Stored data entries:
━━━━━━━━━━━━━━━━━━━━━━━━━━━━━━

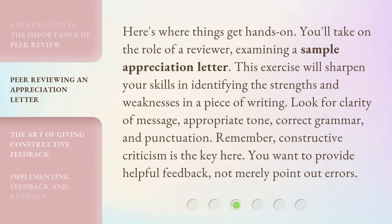Here's where things get hands-on. You'll take on the role of a reviewer, examining a sample appreciation letter. This exercise will sharpen your skills in identifying the strengths and weaknesses in a piece of writing. Look for clarity of message, appropriate tone, correct grammar, and punctuation. Remember, constructive criticism is the key here. You want to provide helpful feedback, not merely point out errors.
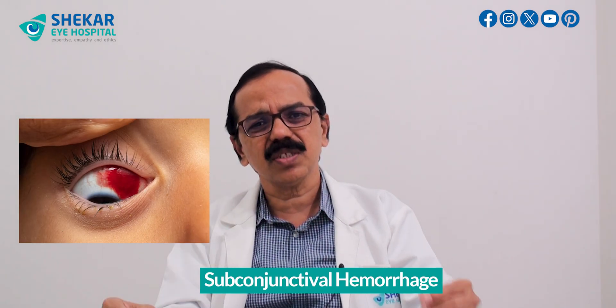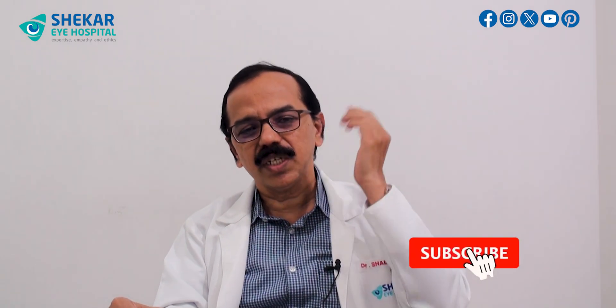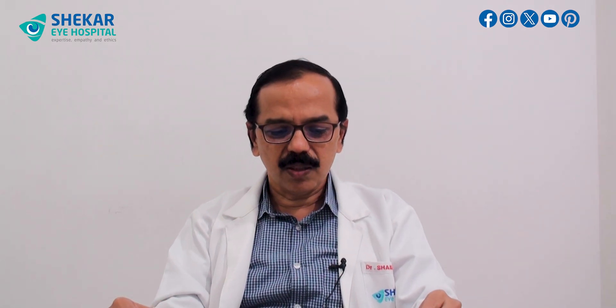Another thing to watch out for is that children who keep coughing or suddenly rub their eyes can cause a subconjunctival hemorrhage — a sudden onset of redness in one area that then spreads. This should be taken seriously. Some children have blood disorders and can bleed profusely, and sudden redness can occur. This is called subconjunctival hemorrhage and needs to be treated on priority.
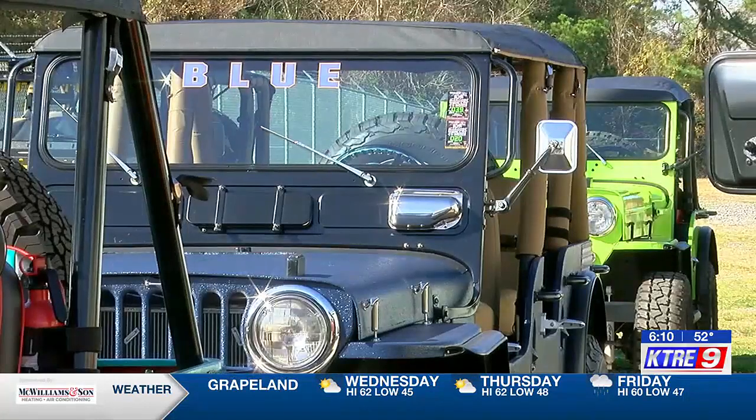When looking back at his collection of custom Jeeps, Barry reflects on how much money it costs to have it. "A lot."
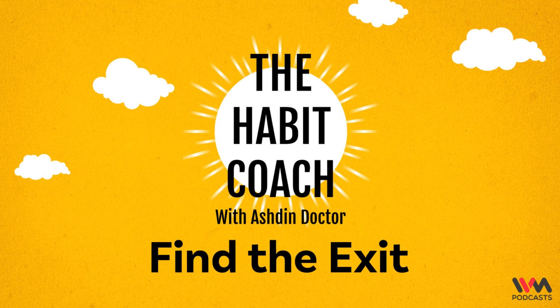Hello and welcome to the Habit Coach podcast, the bite-sized podcast filled with quick and easy actionable habits. Remember, great habits create that awesome life. I am Ashton Doctor, your Habit Coach.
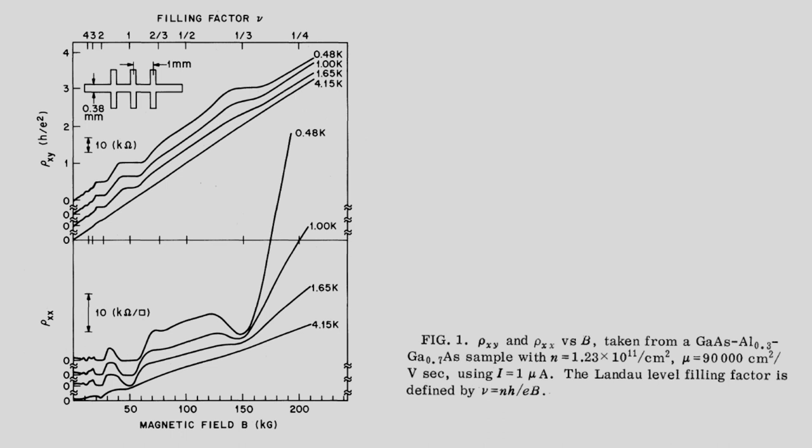Looking at the actual experimental data, you see the Hall plateaus showing quantization at integer values 4, 3, 2, 1, and then there are fractional fillings such as two-thirds, one-half, one-third, and one-fourth. The temperature is as low as about 0.48 Kelvin, and the corresponding magnetoresistivities are being measured.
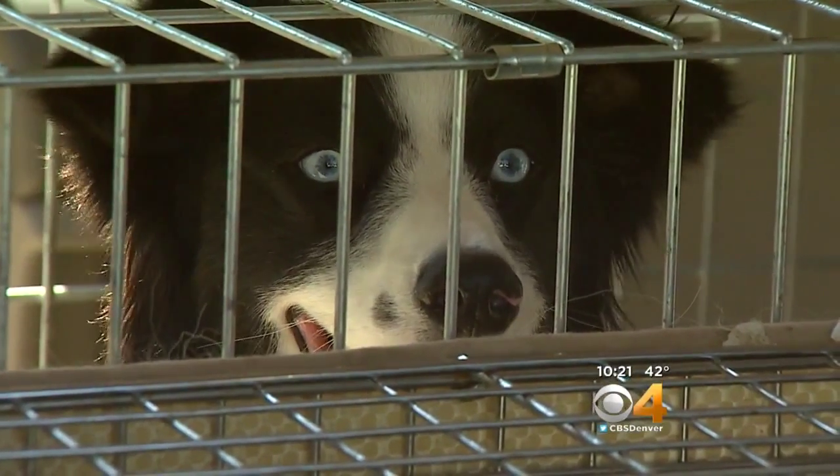Suzanne McCarroll, CBS4 News. We have put more video of crash tests on our website for you, as well as information about contacting the Center for Pet Safety. All you have to do is visit CBSDenver.com.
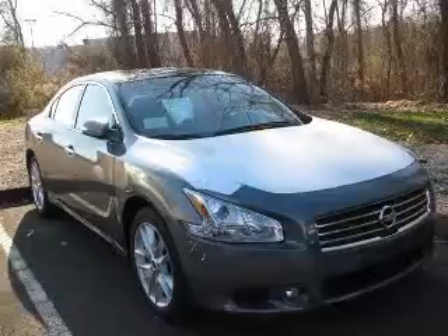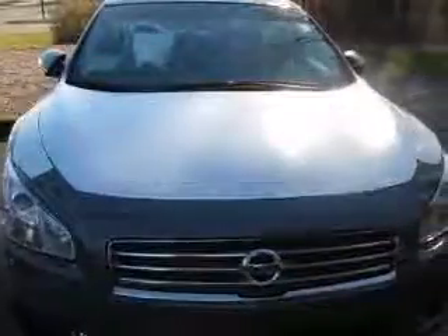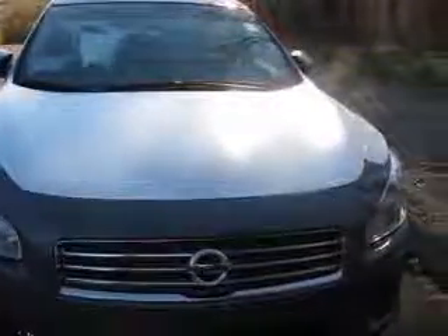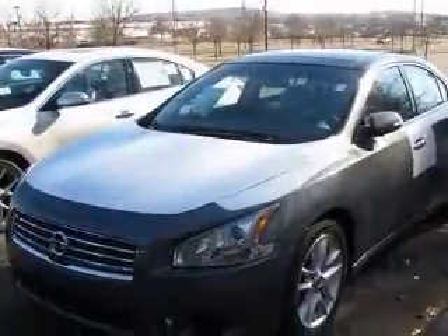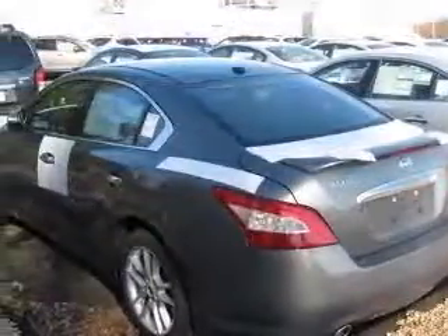We are proud to present this excellent new 2011 Nissan Maxima. This Maxima has a 3.5L V6 engine and a continuously variable transmission. This vehicle has a Mystic Jade metallic exterior and includes the following options:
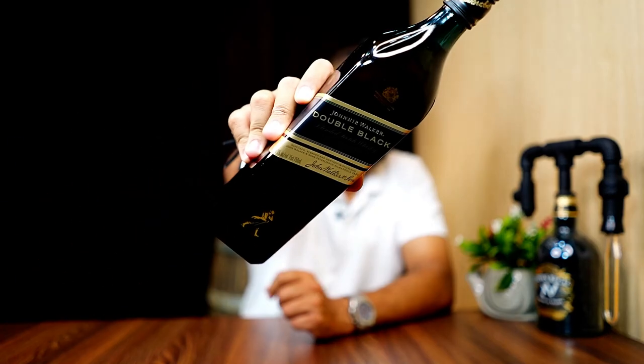Hello friends, welcome to our channel. I'm your host Amit. Today we are going to review Johnnie Walker Double Black Label.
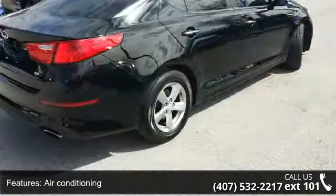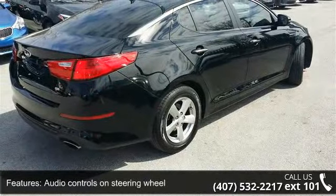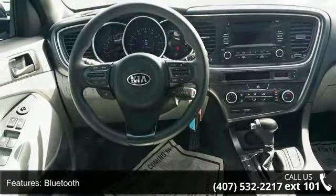Low mileage is an important factor in your purchase and this vehicle delivers a low odometer reading. This car won't be available much longer. Call now to schedule a test drive at our dealership.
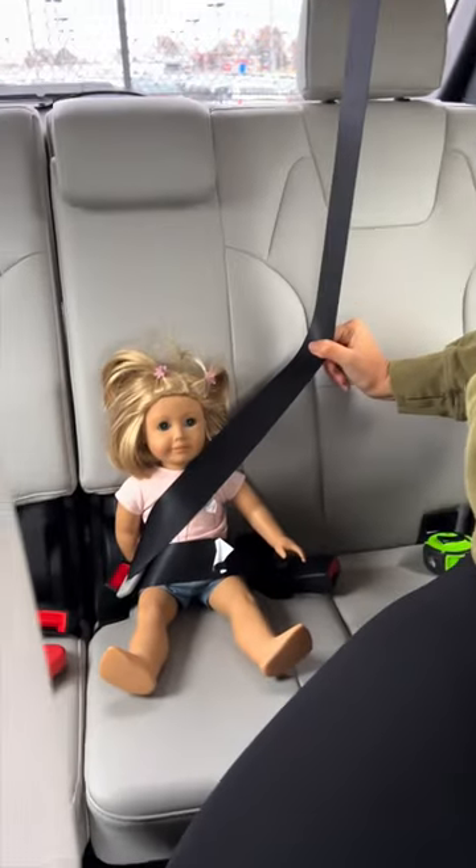I figured it out — now this was just for fun, but it's so important to make sure when you're test driving a car you check out every single seat. Don't assume just because it has eight seat belts it can fit eight people.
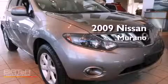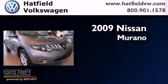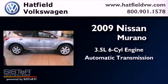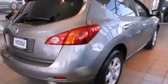This is a 2009 Nissan Murano. It has a 3.5-liter six-cylinder engine, an automatic transmission, and all-wheel drive.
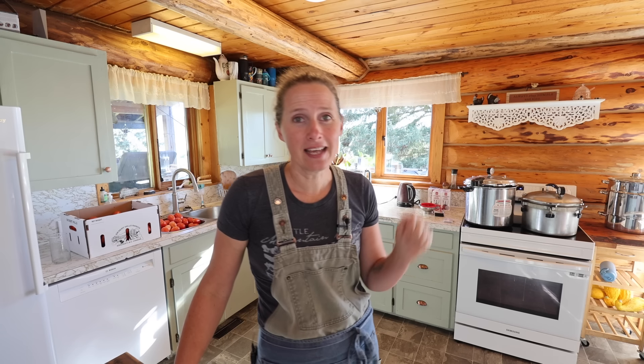My husband Dan is going to be helping with canning today and he wants to try to get it all done in one day. I told him that was fairly ambitious — usually it'll take me at least a day and a half to get this much preserving done — but that's his goal, so we are going to give it our best shot. One of the reasons that I love bulk canning like this is because while it is a lot of work for a day or two, it is so satisfying to have enough of whatever product I'm preserving to last my family for an entire year.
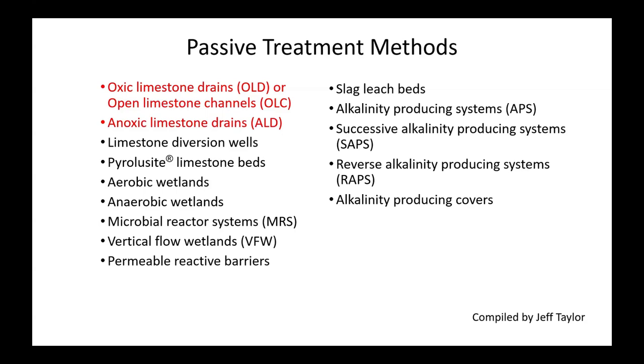This is a list of passive treatment methods compiled by Jeff Taylor, and you'll notice a lot of them have acronyms. We're just going to talk about the ones using limestone. There are a whole series of other ones, and I'll answer questions about those at the end of the talk rather than go through them now.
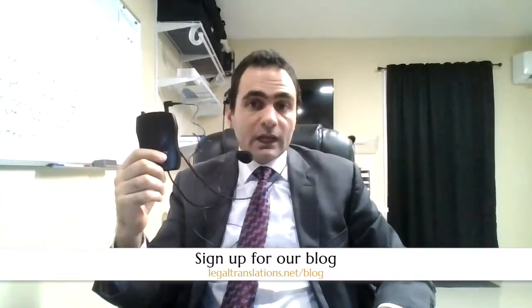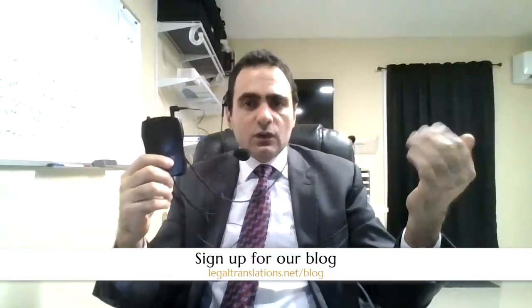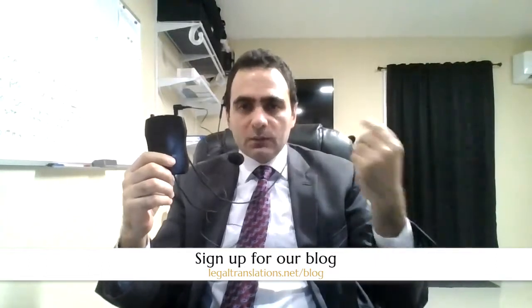We cannot use this equipment in depositions. You may use it, but most attorneys like to hear the Spanish translation as well. So when you're using this, you're interpreting simultaneously. So if you're asking a question, I'm going to be interpreting — or one of my interpreters is going to be interpreting simultaneously — and you will not be able to hear the translation. So if the interpreter made a mistake, maybe just missed one word that was very important for you and you speak Spanish, you want to be able to hear that question just to check on the interpreter.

━━━━━━━━━━━━━━━━━━━━━━━━━━━━━━

**WHAT YOU ARE ASKED TO DO**
Set down exactly the lines above, from the line containing "I figured it" through the line containing "This is a 2009". Skip the pictures.

**ANSWER SPACE**
I figured it out — now this was just for fun, but it's so important to make sure when you're test driving a car you check out every single seat. Don't assume just because it has eight seat belts it can fit eight people.
This is a 2009 Nissan Murano. It has a 3.5-liter six-cylinder engine, an automatic transmission, and all-wheel drive.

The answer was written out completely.